=== Provided entries ===

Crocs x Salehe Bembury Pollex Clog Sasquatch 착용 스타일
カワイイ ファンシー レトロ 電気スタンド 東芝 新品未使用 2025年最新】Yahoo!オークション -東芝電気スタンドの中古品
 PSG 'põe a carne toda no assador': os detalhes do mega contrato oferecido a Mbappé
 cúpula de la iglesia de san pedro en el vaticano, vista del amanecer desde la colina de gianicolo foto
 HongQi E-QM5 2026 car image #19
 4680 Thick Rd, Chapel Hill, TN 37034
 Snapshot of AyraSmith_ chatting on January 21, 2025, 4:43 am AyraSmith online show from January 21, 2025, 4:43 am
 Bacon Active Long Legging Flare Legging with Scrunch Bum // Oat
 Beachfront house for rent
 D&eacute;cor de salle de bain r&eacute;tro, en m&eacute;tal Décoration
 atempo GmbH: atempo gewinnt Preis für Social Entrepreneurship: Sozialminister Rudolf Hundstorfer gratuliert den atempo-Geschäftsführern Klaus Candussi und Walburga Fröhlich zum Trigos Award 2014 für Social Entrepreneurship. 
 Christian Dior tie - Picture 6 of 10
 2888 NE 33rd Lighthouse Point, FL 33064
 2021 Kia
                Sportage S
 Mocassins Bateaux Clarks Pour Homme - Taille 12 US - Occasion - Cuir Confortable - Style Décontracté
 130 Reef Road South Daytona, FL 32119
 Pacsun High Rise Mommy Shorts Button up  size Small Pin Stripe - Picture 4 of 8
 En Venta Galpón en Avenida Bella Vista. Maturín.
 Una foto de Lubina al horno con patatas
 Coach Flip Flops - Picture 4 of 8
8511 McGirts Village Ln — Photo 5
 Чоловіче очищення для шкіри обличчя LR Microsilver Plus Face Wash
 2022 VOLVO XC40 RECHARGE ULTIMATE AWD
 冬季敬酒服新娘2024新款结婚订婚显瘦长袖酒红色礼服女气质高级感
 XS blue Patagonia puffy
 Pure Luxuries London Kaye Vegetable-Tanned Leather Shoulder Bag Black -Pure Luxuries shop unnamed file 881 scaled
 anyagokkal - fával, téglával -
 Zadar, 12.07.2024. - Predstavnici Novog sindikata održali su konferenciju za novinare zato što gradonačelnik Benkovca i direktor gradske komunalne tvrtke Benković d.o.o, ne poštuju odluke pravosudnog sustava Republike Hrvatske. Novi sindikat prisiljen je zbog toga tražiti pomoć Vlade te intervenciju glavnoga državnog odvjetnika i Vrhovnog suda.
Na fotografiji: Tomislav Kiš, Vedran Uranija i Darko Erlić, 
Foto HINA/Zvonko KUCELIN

===

*Task goal*. Reproduce the records above with every character intact.

*Response*.
Crocs x Salehe Bembury Pollex Clog Sasquatch 착용 스타일
カワイイ ファンシー レトロ 電気スタンド 東芝 新品未使用 2025年最新】Yahoo!オークション -東芝電気スタンドの中古品
 PSG 'põe a carne toda no assador': os detalhes do mega contrato oferecido a Mbappé
 cúpula de la iglesia de san pedro en el vaticano, vista del amanecer desde la colina de gianicolo foto
 HongQi E-QM5 2026 car image #19
 4680 Thick Rd, Chapel Hill, TN 37034
 Snapshot of AyraSmith_ chatting on January 21, 2025, 4:43 am AyraSmith online show from January 21, 2025, 4:43 am
 Bacon Active Long Legging Flare Legging with Scrunch Bum // Oat
 Beachfront house for rent
 D&eacute;cor de salle de bain r&eacute;tro, en m&eacute;tal Décoration
 atempo GmbH: atempo gewinnt Preis für Social Entrepreneurship: Sozialminister Rudolf Hundstorfer gratuliert den atempo-Geschäftsführern Klaus Candussi und Walburga Fröhlich zum Trigos Award 2014 für Social Entrepreneurship. 
 Christian Dior tie - Picture 6 of 10
 2888 NE 33rd Lighthouse Point, FL 33064
 2021 Kia
                Sportage S
 Mocassins Bateaux Clarks Pour Homme - Taille 12 US - Occasion - Cuir Confortable - Style Décontracté
 130 Reef Road South Daytona, FL 32119
 Pacsun High Rise Mommy Shorts Button up  size Small Pin Stripe - Picture 4 of 8
 En Venta Galpón en Avenida Bella Vista. Maturín.
 Una foto de Lubina al horno con patatas
 Coach Flip Flops - Picture 4 of 8
8511 McGirts Village Ln — Photo 5
 Чоловіче очищення для шкіри обличчя LR Microsilver Plus Face Wash
 2022 VOLVO XC40 RECHARGE ULTIMATE AWD
 冬季敬酒服新娘2024新款结婚订婚显瘦长袖酒红色礼服女气质高级感
 XS blue Patagonia puffy
 Pure Luxuries London Kaye Vegetable-Tanned Leather Shoulder Bag Black -Pure Luxuries shop unnamed file 881 scaled
 anyagokkal - fával, téglával -
 Zadar, 12.07.2024. - Predstavnici Novog sindikata održali su konferenciju za novinare zato što gradonačelnik Benkovca i direktor gradske komunalne tvrtke Benković d.o.o, ne poštuju odluke pravosudnog sustava Republike Hrvatske. Novi sindikat prisiljen je zbog toga tražiti pomoć Vlade te intervenciju glavnoga državnog odvjetnika i Vrhovnog suda.
Na fotografiji: Tomislav Kiš, Vedran Uranija i Darko Erlić, 
Foto HINA/Zvonko KUCELIN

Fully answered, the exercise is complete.